┌─ Material for the task

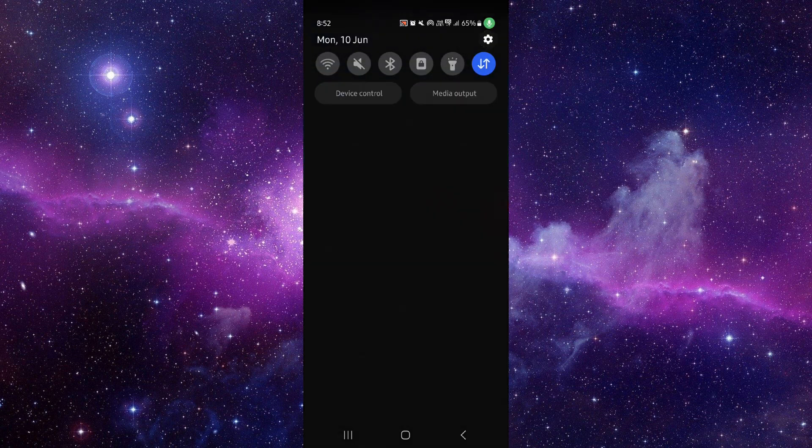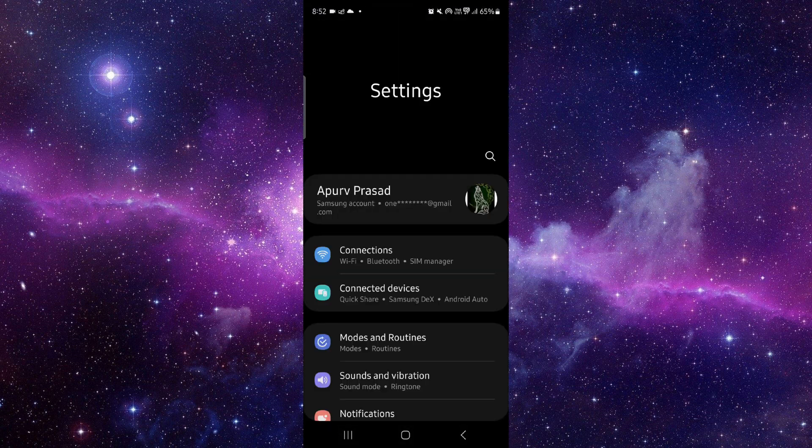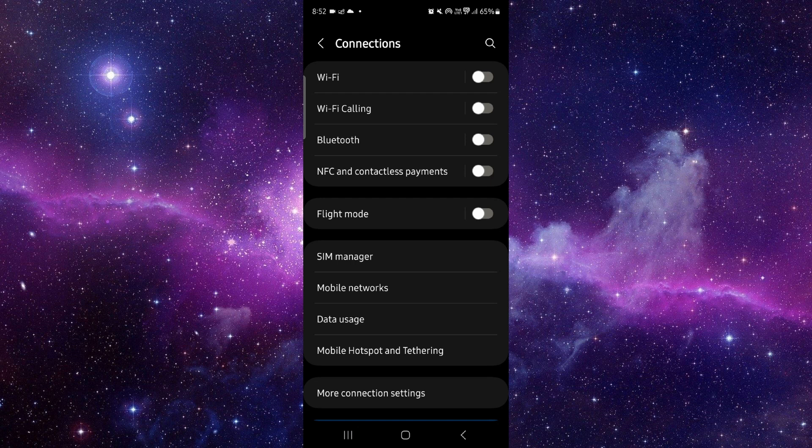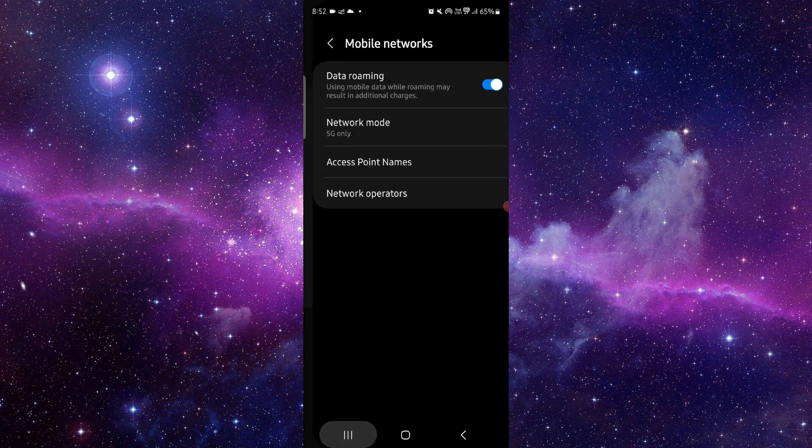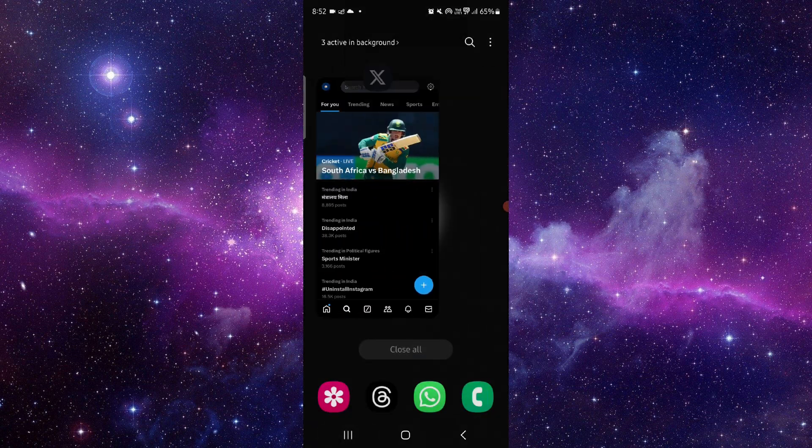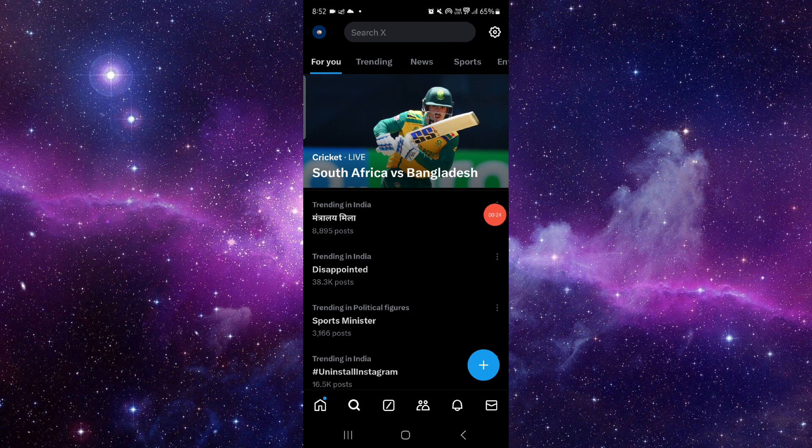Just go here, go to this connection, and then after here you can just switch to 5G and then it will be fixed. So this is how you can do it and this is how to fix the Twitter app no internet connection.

└─
┌─ Material for the task

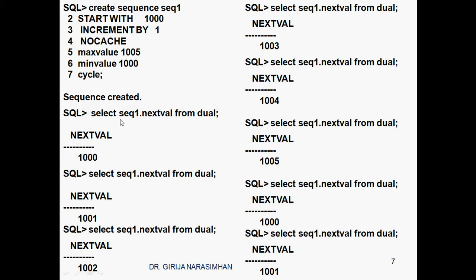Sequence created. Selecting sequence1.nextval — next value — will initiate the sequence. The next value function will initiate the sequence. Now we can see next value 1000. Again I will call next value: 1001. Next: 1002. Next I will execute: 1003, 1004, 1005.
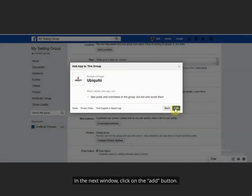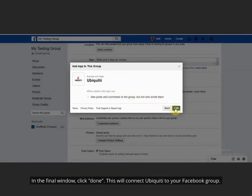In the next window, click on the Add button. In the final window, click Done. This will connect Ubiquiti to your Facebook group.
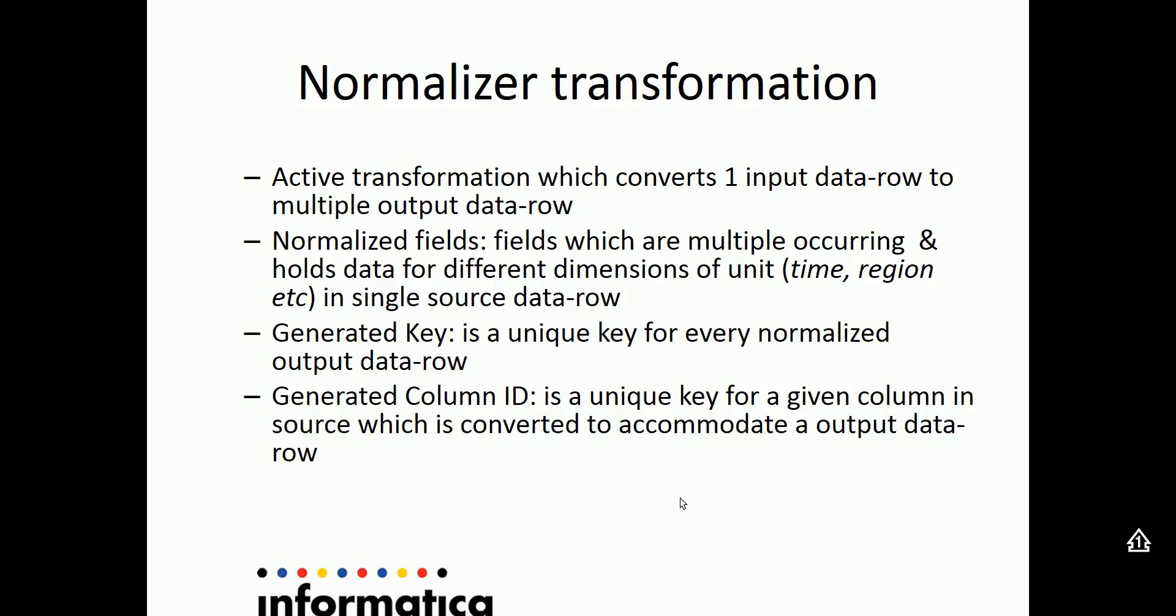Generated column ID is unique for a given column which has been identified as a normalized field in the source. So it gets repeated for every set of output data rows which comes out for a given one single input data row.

└─

In the listing above, find the line containing "Sequence created. Selecting" and the line containing "Generated column ID". Print those two lines and every line between them exactly, with no pictures.

Sequence created. Selecting sequence1.nextval — next value — will initiate the sequence. The next value function will initiate the sequence. Now we can see next value 1000. Again I will call next value: 1001. Next: 1002. Next I will execute: 1003, 1004, 1005.
In the next window, click on the Add button. In the final window, click Done. This will connect Ubiquiti to your Facebook group.
Generated column ID is unique for a given column which has been identified as a normalized field in the source. So it gets repeated for every set of output data rows which comes out for a given one single input data row.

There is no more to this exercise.